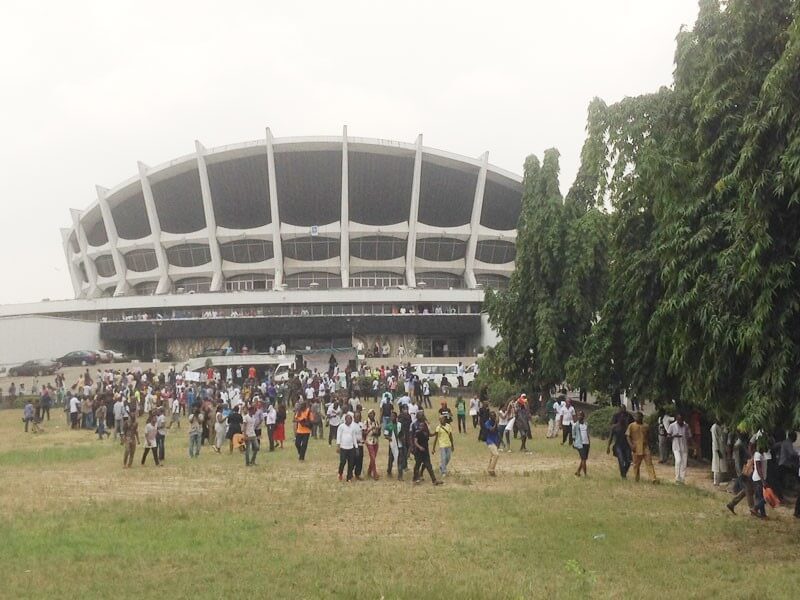 Fun Seekers Shun Recreational Centres at National Theatre, Iganmu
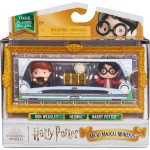 Spin Master wizarding  harry potter, micro magical moments year 2 flying car figure set 097756 778988502563
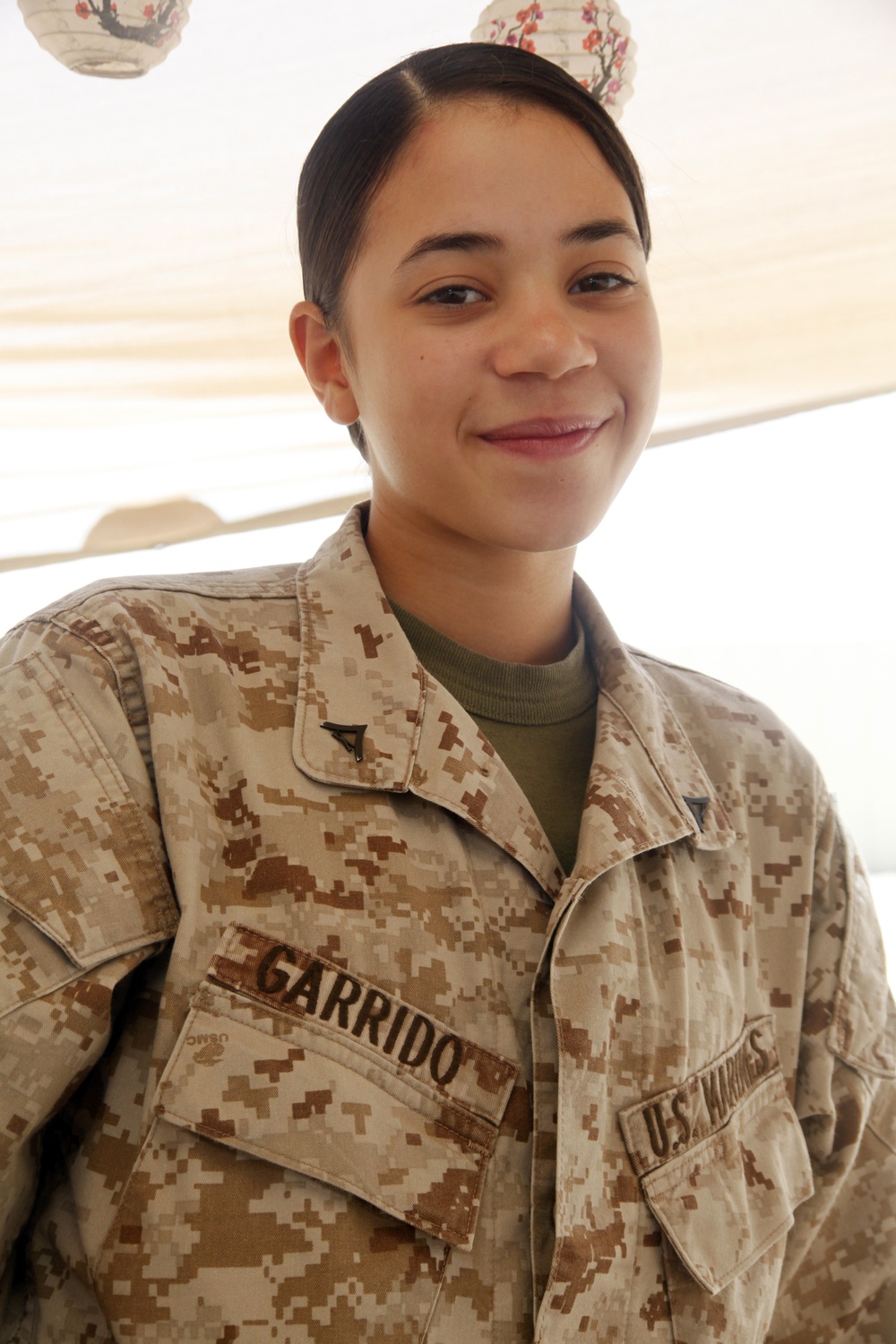 Lance Cpl. Keila Garrido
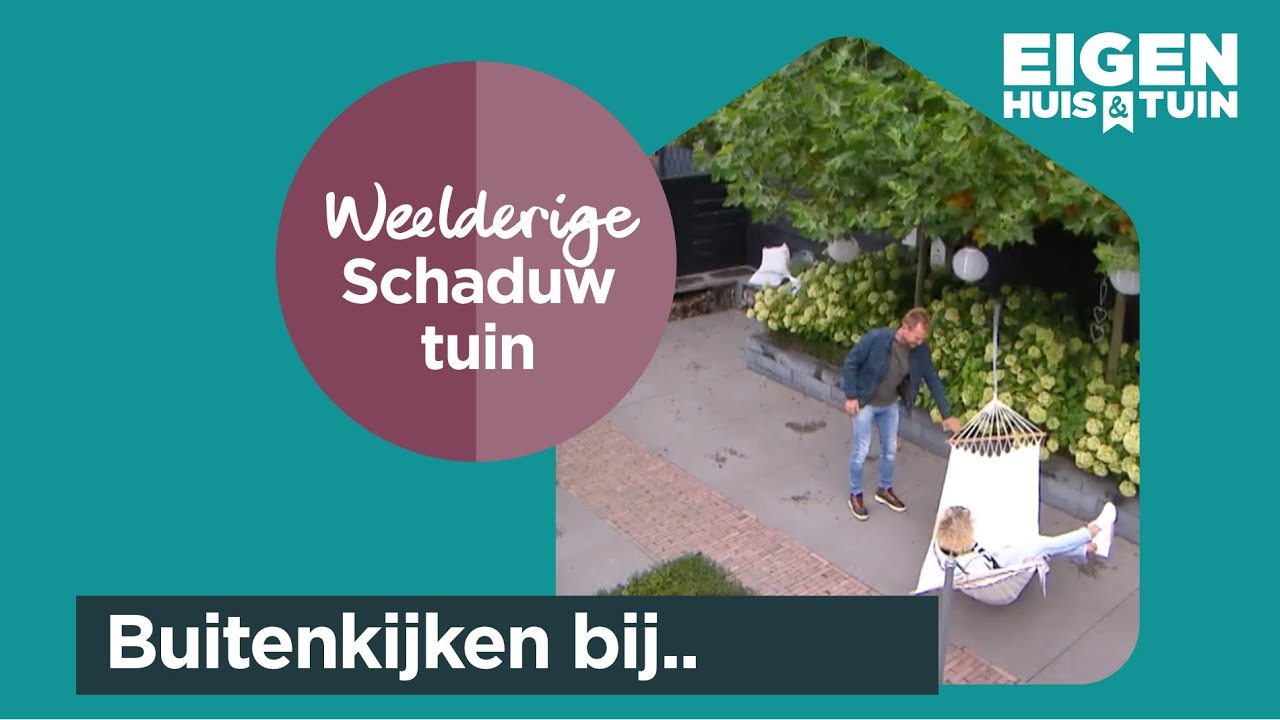 De weelderige schaduwtuin van Nanda | Buitenkijker | Eigen Huis & Tuin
········
Starting at the line with "Spin Master wizarding", transcribe the listing above exactly through its last line. No picture belongs in the transcription.

THE COMPLETED TASK
 Spin Master wizarding  harry potter, micro magical moments year 2 flying car figure set 097756 778988502563
 Lance Cpl. Keila Garrido
 De weelderige schaduwtuin van Nanda | Buitenkijker | Eigen Huis & Tuin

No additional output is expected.